1 de set. de 2011

Crepúsculo dos Deuses



por Nuno Reis

     A noite é escura, mas fica mais luminosa quando o céu está limpo e se consegue ver aqueles pontinhos luminosos que brilham no manto negro. As estrelas parecem eternas e imutáveis, mas por vezes as notícias relatam o desaparecimento de uma. Também no cinema as estrelas iluminam uma sala escura. Também essas parecem eternas e eternamente jovens. Mas também essas nos deixam. Esta é a história de um outrora razoável roteirista e de uma outrora enorme atriz. De que forma o mundo os destruiu e de que forma querem voltar juntos.

     Joe Gillis é um roteirista. Após uma fase de relativo sucesso encontra-se desesperado em busca de trabalho. Quando se acabam os argumentos e ninguém lhe arranja nem um contrato nem, um trabalho, nem sequer um adiantamento ou empréstimo, começa a ter de fugir para evitar os credores. Numa dessas perseguições vai entrar numa mansão isolada de todos, na solarenga Sunset Boulevard.

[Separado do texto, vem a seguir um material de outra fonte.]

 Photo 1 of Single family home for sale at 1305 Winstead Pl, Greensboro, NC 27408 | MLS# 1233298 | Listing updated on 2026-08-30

Confundido com uma pessoa de quem estavam à espera, entra na casa e descobre que esta é o refúgio de Norma Desmond, a maior estrela do cinema mudo, retirada da vida pública há anos. A diva por acaso estava a preparar o seu regresso escrevendo um argumento baseado em Salomé que protagonizaria. Gillies dá jeito ter um esconderijo e um emprego. E para Desmond ter um roteirista a sério como revisor/escritor-fantasma seria uma boa forma de dar os retoques finais antes de o enviar para o amigo Cecil B. DeMille. Isto pode ser o início de uma bela amizade.

     Estamos perante um dos maiores filmes de sempre. É impossível decidir os pontos altos de “Sunset Blvd.” porque simplesmente não tem momentos maus. O início na piscina é brutal. O macaco é uma gag inacreditável, mas seguramente com um fundo de verdade. A forma como escritor e atriz se manipulam é fenomenal. A relação deles com o mundo - ela reunindo-se com as figuras de cera, ele com escapadelas à cidade - é tão crível que é assombrosa. Max é uma personagem que surpreende sempre que fala e tem alguns minutos que valem por meio filme. O reencontro de Desmond com os antigos companheiros de trabalho é dos momentos mais mágicos do cinema. E algumas das frases aqui ditas são tão memoráveis que causam arrepios mesmo ditas fora de contexto. É assim que os filmes deviam ser feitos.


      Fazer um filme com os grandes Buster Keaton e Cecil B. DeMille prova que os pares de Billy Wilder o reconhecem como um enorme realizador. O que mais surpreende é que todos sejam cúmplices neste ataque à arte que amamos. O Cinema é retratado como o maior vilão de todos os tempos. Usa as pessoas para se destacar e dá-lhes uma falsa sensação de importância. Quando não precisa mais delas, descarta-as sem piedade prosseguindo uma ascensão à custa de trabalho escravo. Entre todas as vítimas, os atores são as preferidas e as com menor validade. Gloria Swanson personifica uma geração de que faz parte e é avassaladora.

     Aqui não há um herói no sentido habitual, estamos perante um caso especial de film noir. Betty que é adorável começa por causar a impressão contrária. Gillis não é honesto. Desmond e Max não são simpáticos. Nenhum deles consegue combater a indústria porque estão apaixonados por ela e se estão a tornar iguais a ela. Mais uma vez o monstro sem rosto é o inimigo. Um inimigo que desde sempre nos chega ao coração.

     O Cinema estava na sua fase dourada. O que Wilder faz é obrigar a olhar para trás e a pensar em todos aqueles que foram abandonados e deixados no esquecimento. Quantos milhares de pessoas deram a juventude e as vidas para fazer do Cinema aquilo que ele foi sendo ao longo de mais de um século? Mas todo o mal causado pela arte é na verdade causado por pessoas. Não as que fazem cinema, mas as que vêem cinema e exigem sangue fresco a elevada velocidade. Esta febre consumista que existe desde sempre tem como produto pessoas. Que está a matar a arte já se sabe, mas por favor, poupem os artistas.

     Uma estrela não morre enquanto tiver fãs. Façamos como na história de Peter Pan e batamos palmas uma vez por cada estrela do passado ou do presente. Não as deixemos cair no esquecimento.


CREPÚSCULO DOS DEUSES (Sunset Boulevard, EUA, 1950).
Direção: Billy Wilder
Elenco: William Holden, Gloria Swanson, Erich von Stroheim, Nancy Olson, Fred Clark, Lloyd Gough, Jack Webb, Cecil B. DeMille, Buster Keaton  



FILME ÓTIMO. É IMPERDÍVEL ASSISTI-LO!